Duisburg. Ein Clan-Mitglied soll neun Schüsse abgegeben haben, ein Rocker sieben. Vor Gericht sehen sie sich wieder. Nebeneinander auf der Anklagebank.
Die Vorstellung ist skurril - auf dem Hamborner Altmarkt standen sie sich gegenüber, auf der Anklagebank werden sie nebeneinander sitzen: Kamil D. (38), Mitglied einer bekannt-berüchtigten türkisch-libanesischen Großfamilie, und Oktay K. (39), der den Hells Angels angehören soll. In einem Monat beginnt vor dem Duisburger Landgericht der Prozess gegen die beiden Männer - weit mehr als anderthalb Jahre nach der Aufsehen erregenden Schießerei im Stadtnorden.
D. und K. sind die ersten und bislang einzigen beiden von insgesamt 51 Tatverdächtigen, die die Staatsanwaltschaft überführt zu haben glaubt. Die Ermittlungen gegen die übrigen Beteiligten dauern noch an. Sie haben teils erhebliche Vorstrafen. D. und K. sind mit dem Gesetz hingegen bislang gar nicht beziehungsweise kaum in Konflikt gekommen.

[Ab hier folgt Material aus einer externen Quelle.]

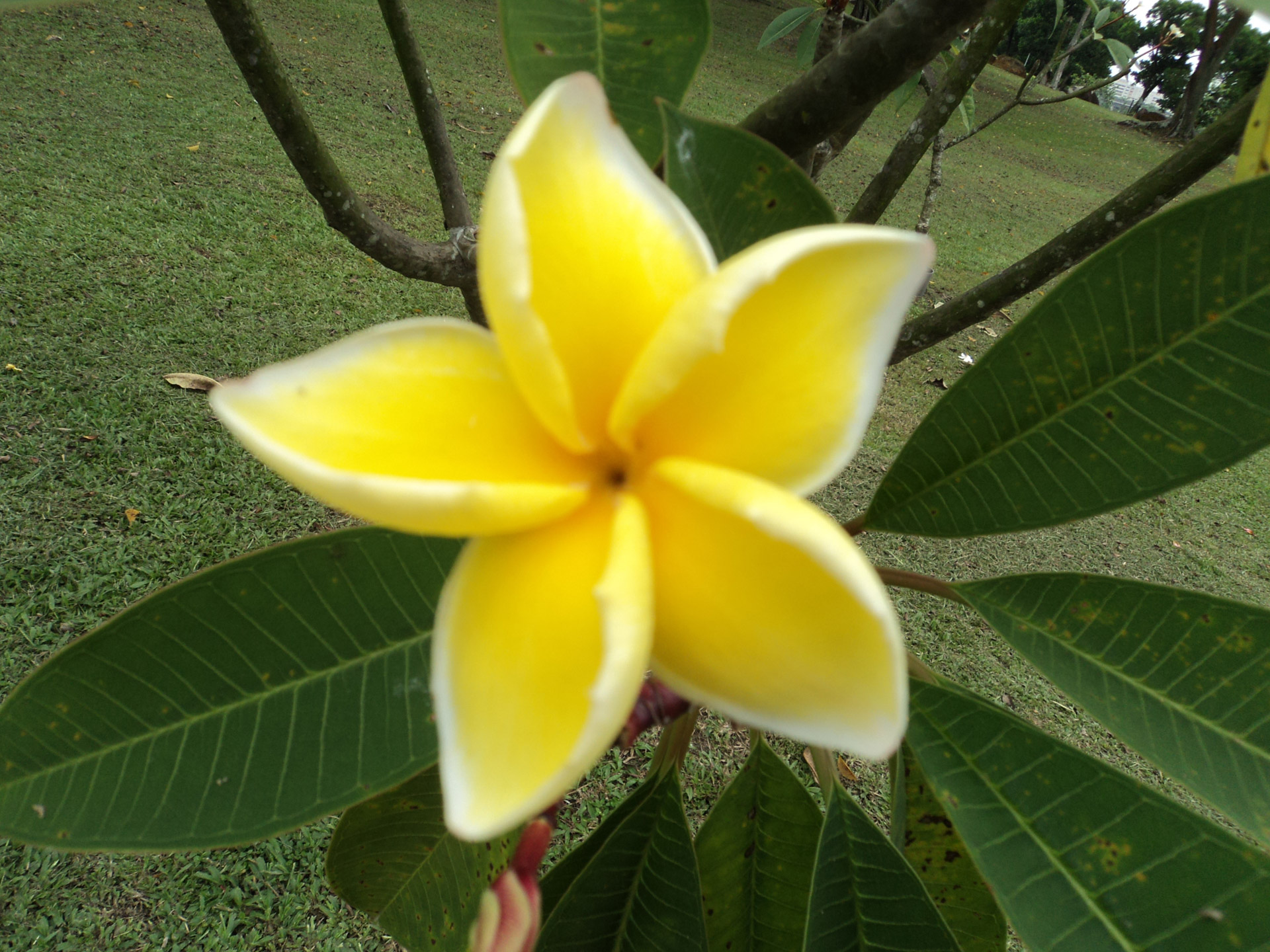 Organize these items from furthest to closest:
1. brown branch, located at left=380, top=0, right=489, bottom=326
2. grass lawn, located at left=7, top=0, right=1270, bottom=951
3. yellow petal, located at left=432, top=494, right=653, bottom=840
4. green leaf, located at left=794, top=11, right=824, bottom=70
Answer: green leaf, located at left=794, top=11, right=824, bottom=70 → grass lawn, located at left=7, top=0, right=1270, bottom=951 → brown branch, located at left=380, top=0, right=489, bottom=326 → yellow petal, located at left=432, top=494, right=653, bottom=840

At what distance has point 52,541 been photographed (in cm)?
228

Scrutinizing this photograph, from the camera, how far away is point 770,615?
0.37 metres

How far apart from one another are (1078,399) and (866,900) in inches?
17.7

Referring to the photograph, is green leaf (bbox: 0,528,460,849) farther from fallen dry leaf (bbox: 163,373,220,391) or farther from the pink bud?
fallen dry leaf (bbox: 163,373,220,391)

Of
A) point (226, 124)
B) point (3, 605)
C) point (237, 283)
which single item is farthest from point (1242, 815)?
point (226, 124)

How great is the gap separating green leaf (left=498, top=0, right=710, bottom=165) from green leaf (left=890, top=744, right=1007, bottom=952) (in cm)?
70

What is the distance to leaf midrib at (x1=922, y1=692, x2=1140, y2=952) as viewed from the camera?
589 mm

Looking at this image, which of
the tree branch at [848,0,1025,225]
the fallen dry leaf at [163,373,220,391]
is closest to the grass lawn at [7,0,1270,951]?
the fallen dry leaf at [163,373,220,391]

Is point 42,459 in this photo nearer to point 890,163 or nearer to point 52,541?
point 52,541

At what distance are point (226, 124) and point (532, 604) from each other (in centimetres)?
506

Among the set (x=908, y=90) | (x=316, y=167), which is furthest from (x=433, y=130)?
(x=908, y=90)

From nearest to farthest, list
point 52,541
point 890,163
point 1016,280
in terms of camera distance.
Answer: point 1016,280 < point 890,163 < point 52,541

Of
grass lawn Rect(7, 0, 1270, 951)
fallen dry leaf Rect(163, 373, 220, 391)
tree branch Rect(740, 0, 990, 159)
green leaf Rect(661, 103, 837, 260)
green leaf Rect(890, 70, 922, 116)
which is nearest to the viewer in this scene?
green leaf Rect(661, 103, 837, 260)

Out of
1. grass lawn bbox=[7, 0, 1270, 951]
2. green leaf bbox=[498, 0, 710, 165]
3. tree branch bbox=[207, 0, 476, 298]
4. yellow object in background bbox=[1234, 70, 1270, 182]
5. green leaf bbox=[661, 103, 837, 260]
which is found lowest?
grass lawn bbox=[7, 0, 1270, 951] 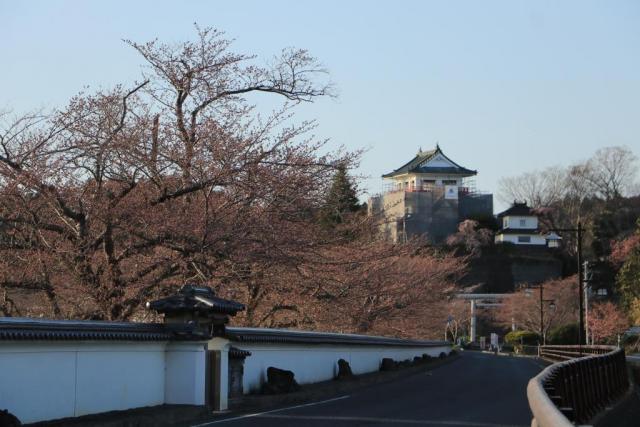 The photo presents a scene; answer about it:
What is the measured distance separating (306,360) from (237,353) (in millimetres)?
5583

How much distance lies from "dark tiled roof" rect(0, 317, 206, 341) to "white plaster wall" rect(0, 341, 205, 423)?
146mm

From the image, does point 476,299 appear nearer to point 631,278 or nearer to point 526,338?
point 526,338

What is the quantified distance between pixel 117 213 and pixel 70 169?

Schießerei in Duisburg: Ein Schütze ist abgetaucht - einer gar nicht identifiziert
Der Tatvorwurf wiegt schwer: Es geht in beiden Fällen um versuchten Mord, gefährliche Körperverletzung und Landfriedensbruch. Laut Anklage soll Clanmitglied D. neun Schüsse abgegeben und drei Kontrahenten getroffen haben. Rocker K. feuerte demnach siebenmal mit einer Pistole und traf einen Gegner. Es fielen noch mehr Schüsse: Ein weiteres Mitglied der Großfamilie soll zehnmal geschossen haben. Der Mann ist danach abgetaucht - sein Aufenthaltsort bis heute unbekannt. Ein vierter Schütze konnte bislang gar nicht identifiziert werden.
Rund 100 Personen aus den beiden verfeindeten Lagern hatten sich am Abend des 4. Mai 2022 gezielt auf dem Hamborner Altmarkt getroffen. Es entwickelte sich, was Ermittler ein „dynamisches Geschehen“ nennen. Nachdem die Schüsse gefallen waren, sollen die Mitglieder des Clans geflohen sein. Die Hells Angels sollen dann noch ein Ladenlokal am Altmarkt verwüstet haben. Der Döner-Imbiss wird dem Einflussbereich der Großfamilie zugeordnet. Als die Polizei anrückte, suchten auch die Rocker das Weite.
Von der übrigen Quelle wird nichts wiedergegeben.